Dass die landeseigene Gewobag gleich drei Hochhäuser in die Wohnanlage „Am Mühlenberg“ bauen will, ist unter Klimagesichtspunkten bedenklich und verschlechtert die Wohnsituation der ansässigen Wohnbevölkerung deutlich. Hinzu kommt, dass mit dem neuen Bebauungsplan eine bisher öffentliche Grünfläche privatisiert werden soll, was grundsätzlich abzulehnen ist.

Die Anforderungen des Berliner Hochhausleitbilds werden bei diesem Vorhaben nicht erfüllt, insbesondere was die Bürgerbeteiligung angeht.

Aus all diesen Überlegungen heraus widerspreche ich im aktuell laufenden Bürgerbeteiligungsverfahren dem vorgelegten Bebauungsplan 7-83.

Einwendungen sind bis zum 11. Juni2021 möglich

Der Bebauungsplan 7-83 liegt öffentlich aus, Stellungnahmen sind bis zum 11. Juni 2021 möglich.
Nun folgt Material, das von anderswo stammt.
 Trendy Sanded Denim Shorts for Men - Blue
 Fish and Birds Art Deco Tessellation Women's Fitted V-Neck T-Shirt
Diese werden dann vom Bezirksamt, oder von einem damit beauftragten Dienstleister, abgewogen. Im Grunde ist wohl (wie so oft) alles zwischen Bezirksamt und Bauherr (in diesem Fall die städtische Gewobag) festgelegt, und wahrscheinlich werden die Bedenken der Bürger*innen weggewogen, wie so oft. Trotzdem finde ich es wichtig, sich zu beteiligen und nichts unversucht zu lassen, doch noch Einfluss zu nehmen. Denn am Ende muss die Bezirksverordnetenversammlung entscheiden – möglicherweise erst nach der Wahl.

Meine Stellungnahme gegen die Bebauung der Siedlung "Am Mühlenberg"

Sehr geehrter Herr Baustadtrat Oltmann,

sehr geehrte Mitarbeiter*innen des Bezirksamts Tempelhof-Schöneberg,

die geplante Bebauung der Siedlung „Am Mühlenberg“ mit drei Hochhäusern lehne ich ab, aus folgenden Gründen:

Wegfall von Grünflächen und Verschärfung von Folgen des Klimawandels

  • Eine weitere Verdichtung der Innenstadt ist angesichts der Klimakrise (die Corona-Pandemie hat dies zusätzlich verdeutlicht) grundsätzlich keine zukunftsfähige Lösung der Wohnraumproblematik in der Stadtentwicklung. Stattdessen müssen bestehende Grün- und Freiflächen erhalten, ja sogar weitere geschaffen werden.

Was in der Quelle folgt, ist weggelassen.